The Great Nebula in Orion is a vast cloud of gas and dust in which new stars are being born.  Located at the middle of Orion’s Sword—a line of stars “hanging” beneath Orion’s Belt--this stellar nursery lies about 1270 light years away, and is about 30 light years across.  From Earth, the nebula covers an area of the sky four times greater than the Full Moon.  The visible part of the nebula, however, is actually a small part of a much larger cloud, which spans more than 10 degrees of the sky, covering half of the constellation of Orion. 

Observational History of M-42

The center “star” in the “sword” of the constellation Orion appears fuzzy to the human eye. In 1610, Nicholas-Claude Fabri de Peiresc discovered, through his small telescope, that this star appeared to be made of two stars and a wispy nebula.

The first known drawing of M-42, made sometime before 1654, by Giovanni Batista Hodierna.The first known drawing of this object (right) was made sometime before 1654, by Giovanni Batista Hodierna, who spotted a third star in the group. This object would later be named the Great Nebula in Orion—one of the first nebulae discovered, drawn, and photographed, at different times in the past 400 years.

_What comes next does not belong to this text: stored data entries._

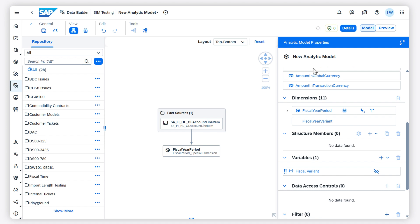When you build a story on this analytic model in SAP Analytics Cloud, the story knows of the existence of special periods, and you can use dedicated filters for your period.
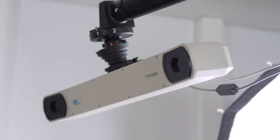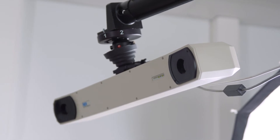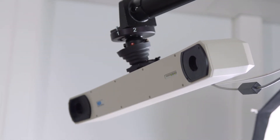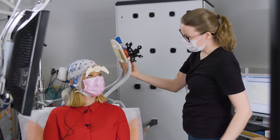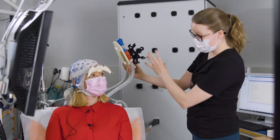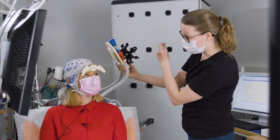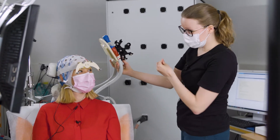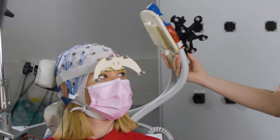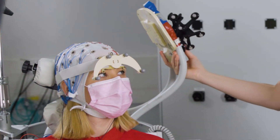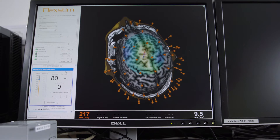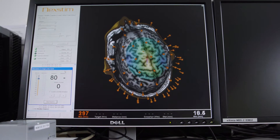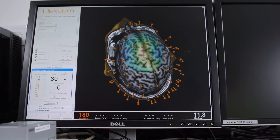Here in front of us we have a camera system that follows your head movements and also this stimulation coil. It has similar markers that the camera can see, so we can follow in real time where we stimulate with respect to the anatomical brain image.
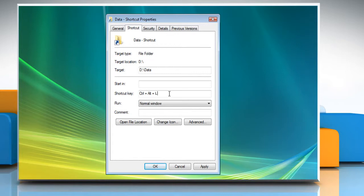For example, you could try Ctrl plus Alt plus L to open the program. Click OK to finalize the shortcut using keyboard keys.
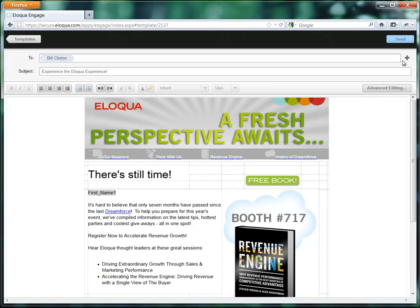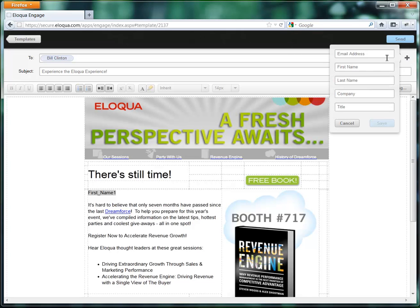Now if I wanted to add somebody using the plus button, I can simply click on the plus button and type in an email address.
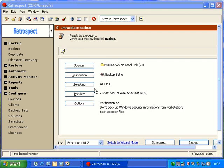Retrospect offers two approaches to open file backup. If you're running Windows XP or Windows 2003, we use the Microsoft Shadow Copy APIs.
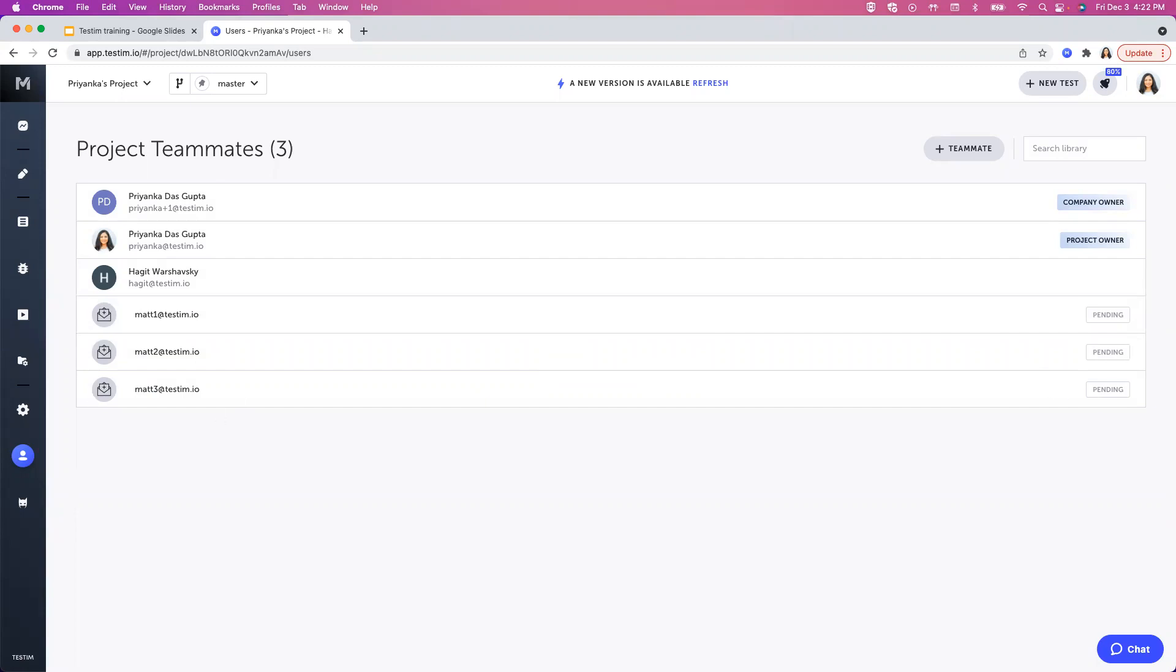Once the new teammates join the project, they will be able to view, edit, and run all the tests in your project. They'll also be able to see the test results and invite other users.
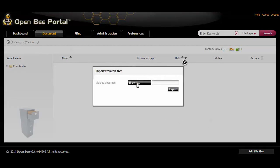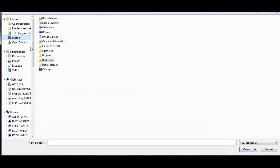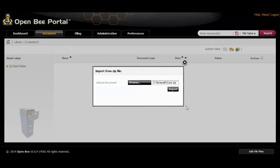A window pops up. Click the browse button to locate the zip file you want to import. Select it and click the import button.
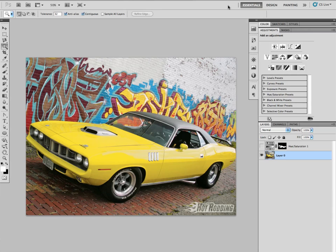This demo derives from a challenge that was given to me by a student - and that wasn't that hard of a challenge, but I thought it was very applicable to what we're doing. He said, can you change the color of a car? And the answer is absolutely.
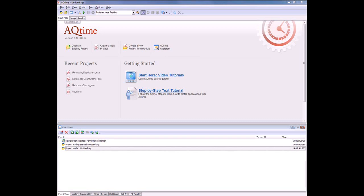The attach to process feature is the best way to trace errors that are hard to reproduce. Once you notice the application behaving oddly, you can attach to it and figure out what's going on. A typical example of an application that can be profiled with the attach to process command is a service or some application that is launched by the operating system.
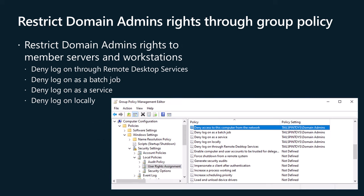To restrict the ability for the domain admins group to be used to perform tasks on domain member servers and workstations, you should create a group policy object linked to organizational units hosting member servers and workstation computer accounts in each domain. You should configure this group policy object so that the domain admins group is assigned the following user rights in computer configuration, policies, window settings, security settings, local policies, user rights assignments as shown in the image on the screen.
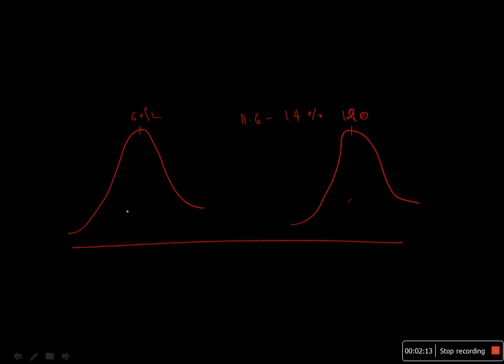This also happens if a person has microcytic anemia and you transfuse this person with normal RBCs. You'll have a population around 60 femtoliters and another population around 90 femtoliters. This determines the RBC population distribution. Thanks for watching.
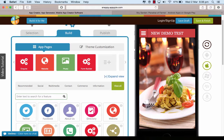Hi guys, this is RC from AppyPie, and today in this tutorial we would be learning about the deep linking feature that we have very recently introduced to AppyPie. This is a great new feature to promote all your existing apps, so if you have an existing app on any of the play stores like Google or iOS, all you need to do is add that to your new app so that users can access it.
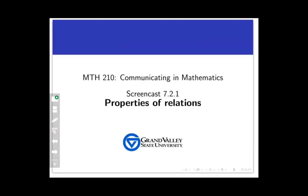Hello, and welcome to a screencast on properties of relations. In the last two videos, we introduced relations and described them as either sets of ordered pairs or as directed graphs. Relations are defined such that there are not many rules that they have to follow, and so relations can look like a lot of different things. What we're going to focus on in this video are three specific patterns of behavior that relations can have that turn out to be particularly useful.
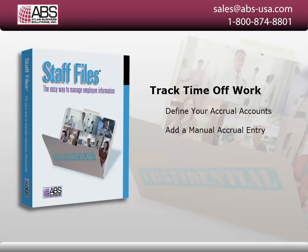The accruals tab in Staff Files allows you to track time off from work, such as accrued vacation time, sick leave, paid time off, otherwise known as PTO, or any other type of time off you keep track of for your employees.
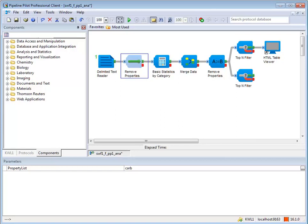This is the pass data state. Data passes through the component and out the pass port as if the component was not in the pipeline.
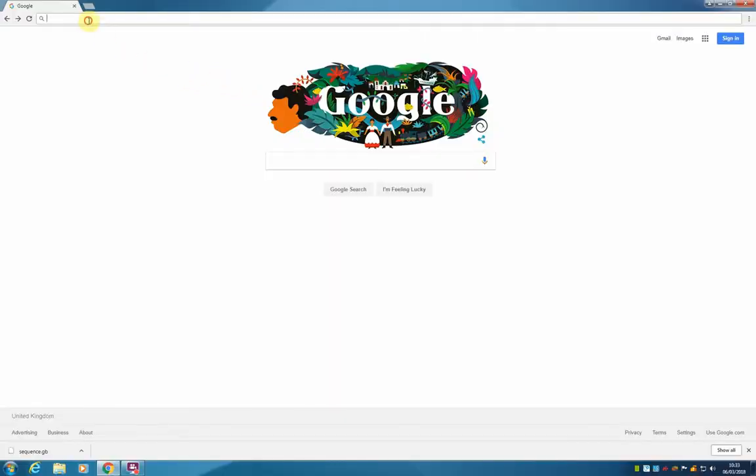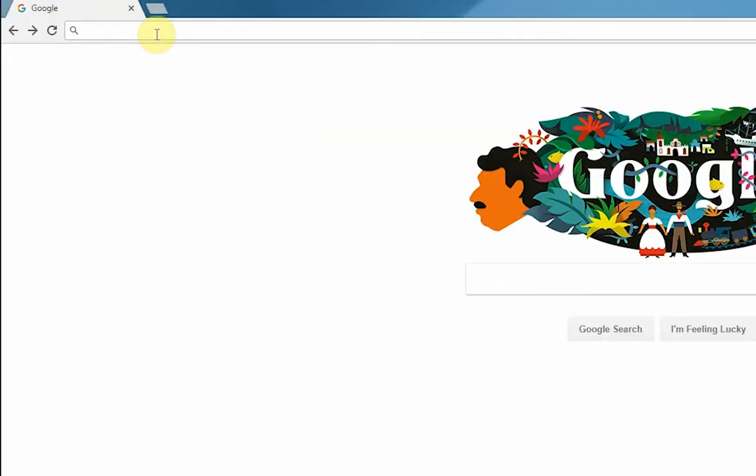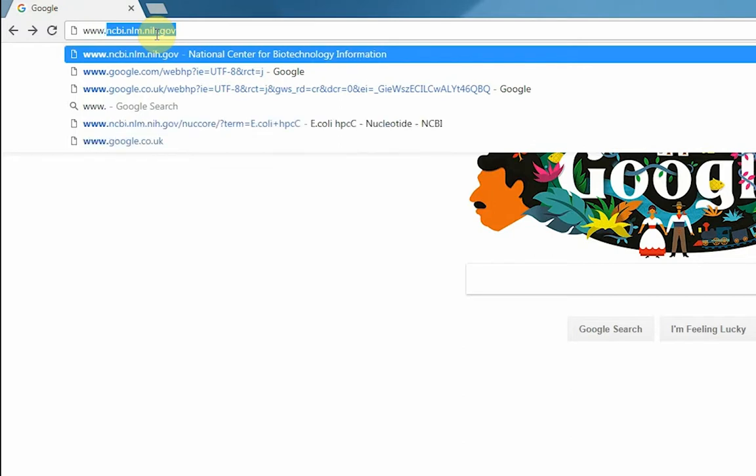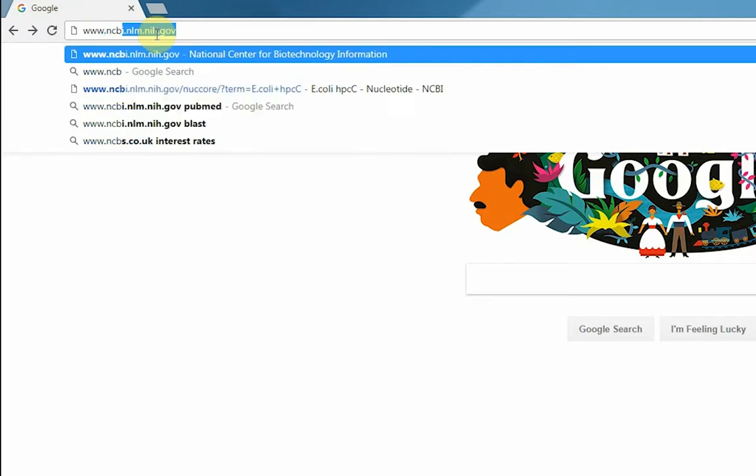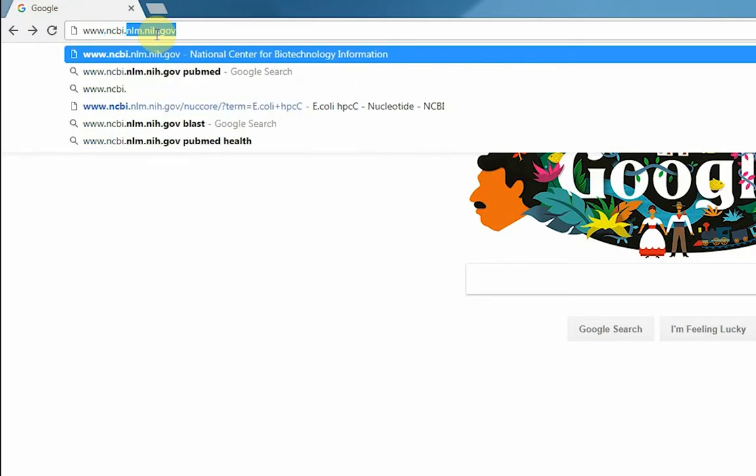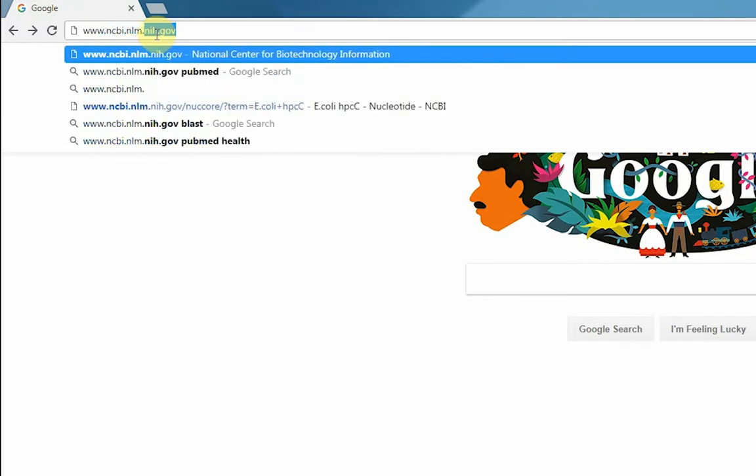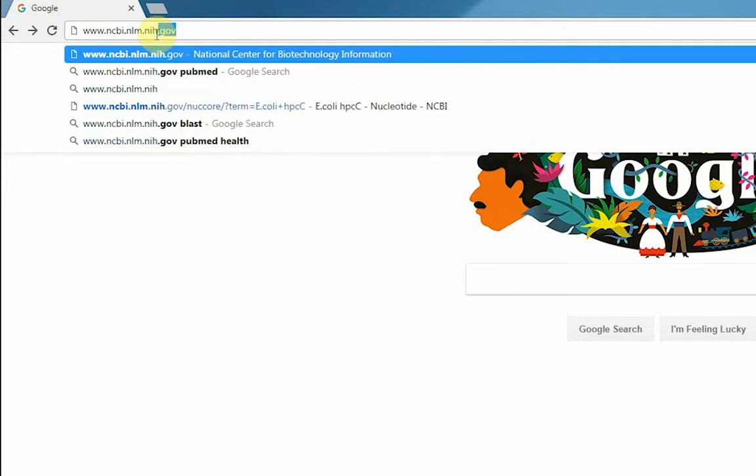First we are going to start by navigating to NCBI by typing www.ncbi.nlm.nih.gov.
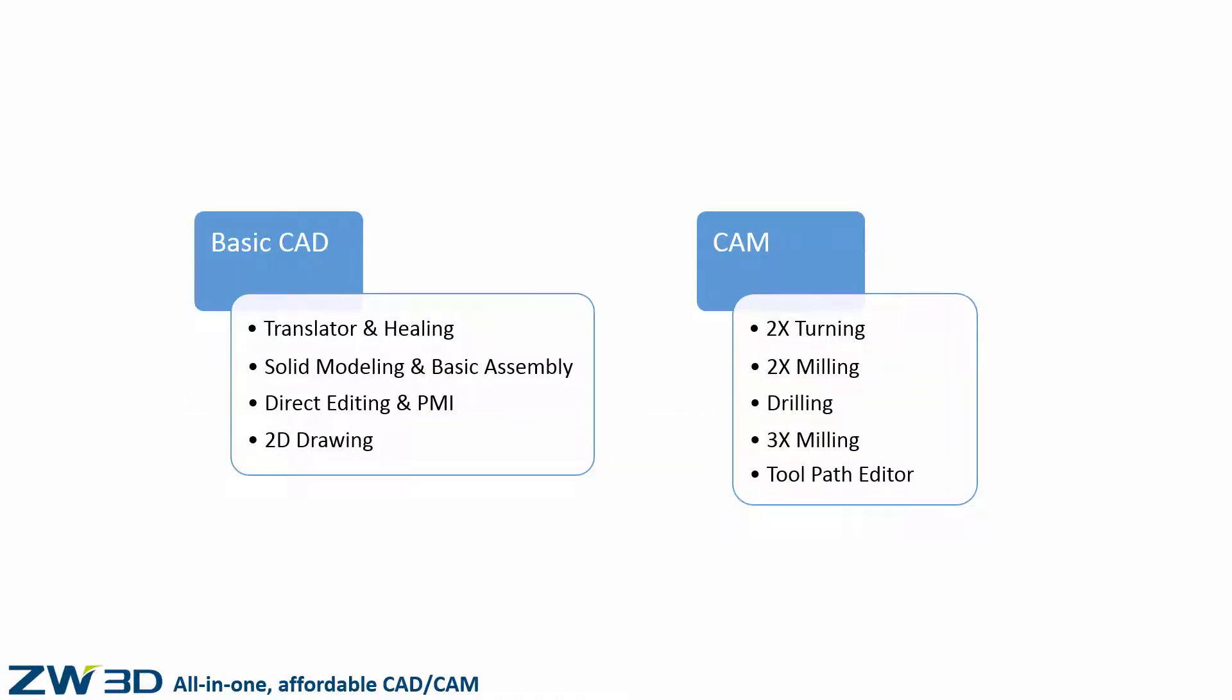ZW3D 3X machining version is a turning and 3-axis milling solution. It's based on unique quick mill technology with a variety of operations, from roughing to finishing.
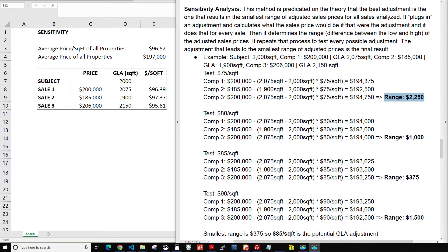It's something a lot of us already do in our heads as we're typing up the appraisal, but essentially sensitivity says that the best adjustment to use is the one that results in the smallest range of adjusted values or adjusted prices. So at the bottom of your grid, whatever adjustment you throw in for GLA or garage or counter — whatever it is — if that's the one that results in your comps getting as close as possible together, that would be the result from sensitivity.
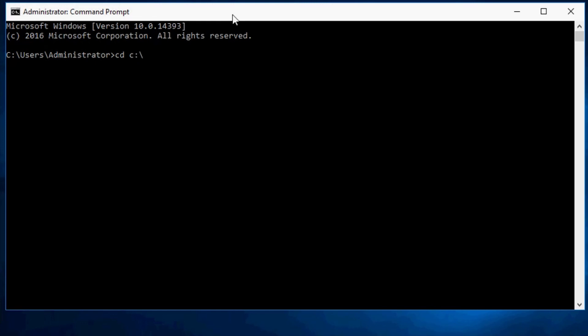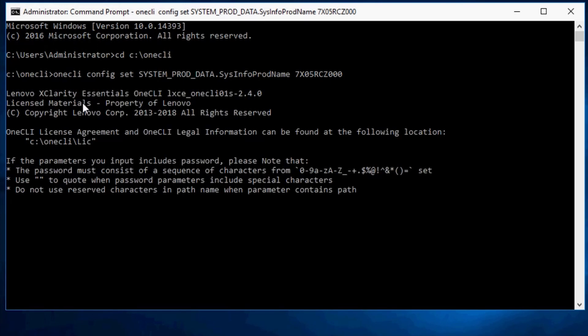Open command line prompt. Change to 1CLI home directory. Type the command on the screen to update the VPD information.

1777 drawing of M-42 by Charles Messier. In 1777, Charles Messier made a highly detailed drawing of the Great Nebula in Orion and the stars it contained. He wanted to determine if, over time, the shape of the nebula changed.

Left: 1777 drawing of M-42 by Charles Messier.

In 1789, Sir William Herschel, from observations through his large, self-made telescope, made an almost prophetic description of the nebula as “an unformed fiery mist, the chaotic material of future suns.” 

The gaseous nature of the Orion Nebula was revealed in 1865 with the help of spectroscopy by William Huggins, and in 1880 it became the first nebula to be successfully photographed, by Henry Draper.

Today, we understand the Great Nebula in Orion as a stellar “nursery:” a vast cloud of gas and dust containing some of the youngest stars ever observed. These young stars energetically blow gas into space, which encounter the surrounding gases of the nebula to form an s-shaped boundary, called a “bow shock.”